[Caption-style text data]
== Segment start ==
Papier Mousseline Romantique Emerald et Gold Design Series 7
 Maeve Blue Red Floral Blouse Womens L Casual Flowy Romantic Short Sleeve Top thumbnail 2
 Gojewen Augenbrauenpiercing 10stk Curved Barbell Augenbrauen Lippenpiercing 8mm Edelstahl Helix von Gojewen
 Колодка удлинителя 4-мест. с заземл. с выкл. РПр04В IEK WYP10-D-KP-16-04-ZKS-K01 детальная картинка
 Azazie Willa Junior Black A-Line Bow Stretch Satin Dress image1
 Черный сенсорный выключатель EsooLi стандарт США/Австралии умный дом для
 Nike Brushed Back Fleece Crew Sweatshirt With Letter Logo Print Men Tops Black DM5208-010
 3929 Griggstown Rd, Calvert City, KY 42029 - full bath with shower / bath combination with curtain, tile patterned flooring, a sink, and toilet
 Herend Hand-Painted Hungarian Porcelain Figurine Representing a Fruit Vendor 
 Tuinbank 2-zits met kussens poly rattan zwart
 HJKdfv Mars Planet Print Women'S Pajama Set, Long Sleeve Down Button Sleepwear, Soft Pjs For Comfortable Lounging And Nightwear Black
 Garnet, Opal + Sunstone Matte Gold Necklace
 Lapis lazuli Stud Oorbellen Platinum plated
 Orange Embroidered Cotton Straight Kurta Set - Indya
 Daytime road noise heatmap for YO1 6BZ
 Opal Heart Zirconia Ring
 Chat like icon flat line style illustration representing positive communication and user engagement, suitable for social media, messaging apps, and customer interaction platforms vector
== Segment end ==
Quote the data above from the line containing "Колодка удлинителя 4-мест." to the line containing "HJKdfv Mars Planet", inclusive, and stop.

 Колодка удлинителя 4-мест. с заземл. с выкл. РПр04В IEK WYP10-D-KP-16-04-ZKS-K01 детальная картинка
 Azazie Willa Junior Black A-Line Bow Stretch Satin Dress image1
 Черный сенсорный выключатель EsooLi стандарт США/Австралии умный дом для
 Nike Brushed Back Fleece Crew Sweatshirt With Letter Logo Print Men Tops Black DM5208-010
 3929 Griggstown Rd, Calvert City, KY 42029 - full bath with shower / bath combination with curtain, tile patterned flooring, a sink, and toilet
 Herend Hand-Painted Hungarian Porcelain Figurine Representing a Fruit Vendor 
 Tuinbank 2-zits met kussens poly rattan zwart
 HJKdfv Mars Planet Print Women'S Pajama Set, Long Sleeve Down Button Sleepwear, Soft Pjs For Comfortable Lounging And Nightwear Black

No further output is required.